Lo sguardo di un artista ha sempre una nota misteriosamente magica,perché rivela allo spettatore cio’ che la natura, il paesaggio, i volti, non saprebbero dire se la pittura non esistesse.
E’ sempre stata di poche parole e di molto sorriso, Enza,la sua vocazione di pittrice nemmeno bisbigliata, appariva ogni volta che tornando,vedevamo occhieggiare,quasi chedendo scusa, un tela sul muro.
Ogni quadro racconta una storia:sullo sfondo, la nostra terra e i colori che cambiano con le stagioni,orizzonti di pietra e di erba.

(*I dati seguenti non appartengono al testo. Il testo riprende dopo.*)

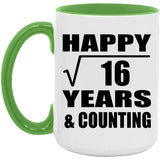 Happy 4th Anniversary Square Root of 16 Years & Counting - 15oz Accent Mug Green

È il “ nostro Molise” sognato, sperato,catturato dal pennello nel suo tempo migliore.Più avanti, come venendoci incontro, i personaggi:sono vicini a noi ma, di noi, non si curano, intenti come sono al lavoro dei campi,o semplicemente, assorti nei loro pensieri.L’originale dimensione prospettica ci invita ad entrare nel paesaggio ed è così che diventiamo protagonisti nel racconto mentre si accendono, nella nostra memoria,i ricordi addormentati.
Potremmo avanzare, fino al castello senza trovare brutture, ed ostacoli, passeggiare lungo la “beata riva” del Biferno, chiedere alla giovinetta se la brocca non sia troppo pesante per il suo esile corpo, in un tempo sospeso tra realtà e sogno.
E poi c’è lei, Enza,semplicemente seduta, come fosse un po’ in disparte: nel cesto accanto a lei i fiori del quadro sulla parete.La tavolozza composita è di una spregiudicata naturalezza:all’audacia dei fiori e dei campi-una vera esplosione di colori e di accostamenti originali-risponde la dolcezza dei declivi, dei villagi e dei boschi,come una pioggerellina fosse passata lasciando nell’aria intiepidita e tranquilla, uno spazio pacificato.
Non c’è improvvisazione,soltanto ricerca. E la stessa nostalgia che inevitabilmente fa capolino nella rappresentazione delle cose “sentite”,ha in qualche modo il sapore della speranza, perché il racconto è memoria, ma anche costruzione. Ed è commovente accorgersi che nelle nostre contrade, dove la poesia impallidisce poco a poco una donna gentile, che non vuole definirsi artista, ma lo è, e a pieno titolo,abbia lavorato in silenzio per regalarci, con le sue opere, un’emozione inaspettata.